Appellant Donald Scarborough was an experienced truck driver, employed by Enterprise Trucking Company of Beaumont, Texas. On March 5, 1985, appellant and his co-driver, Cass A. Rich arrived at Tag Chemical, Inc. in Toledo, Ohio. Although the sun was shining, it was extremely cold and the Toledo area was covered with ice and snow. Appellant switched driving with Mr. Rich because appellant experienced difficulty ascending an incline on ice and snow. After Mr. Rich parked the truck, appellant slipped and fell on his back as he walked down the incline toward the truck. The fall caused various personal injuries to appellant. Afterwards, it was determined that appellant slipped on a layer of ice which was underneath the snow. Appellee Tag Chemicals was aware of the snow and ice conditions and had been informed earlier that morning that the roadway was slippery from the accumulation.

Appellants argued that the case should have gone to the jury on the issue of who was responsible for appellant's injury; specifically, who had a duty to prevent the injury and who was in the best position to prevent the injury. The district court disposed of this argument by stating, "the Ohio courts have consistently found that a property owner has no duty to remove a natural accumulation of snow and ice." We agree with the district court's determination that in Ohio the property owner has no legal duty to protect the business invitee against the dangers from a natural accumulation of snow and ice. Debie v. Cochran Pharmacy-Berwick, Inc., 11 Ohio St. 2d 38, 227 N.E.2d 603 (1967); Chadwick v. Barba Lou, 69 Ohio St. 2d 222, 431 N.E.2d 660 (1982).

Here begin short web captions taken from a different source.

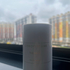 Отзывы Zarkoperfume The Muse Парфюмерия The Muse от Zarkoperfume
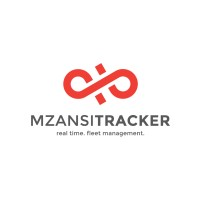 Mzansi Tracker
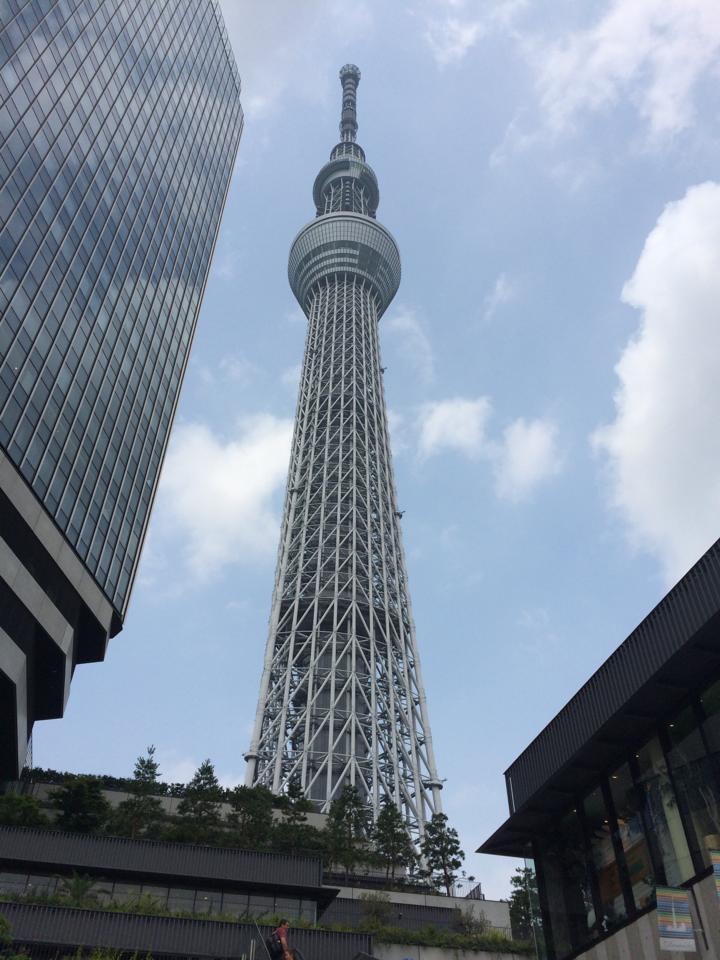 e0070880_18152555.jpg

The district court also held that under the substantive law of Ohio, the appellant only presented evidence that he fell while walking upon a natural accumulation of ice and snow. We agree that as a matter of law this evidence alone is insufficient to prove the defendant breached a legal duty owed to appellant.

Upon consideration of the briefs and the record on appeal, this Court concludes that the district court properly granted appellee's motion for directed verdict. Accordingly, the judgment of the Honorable Sam H. Bell is hereby affirmed.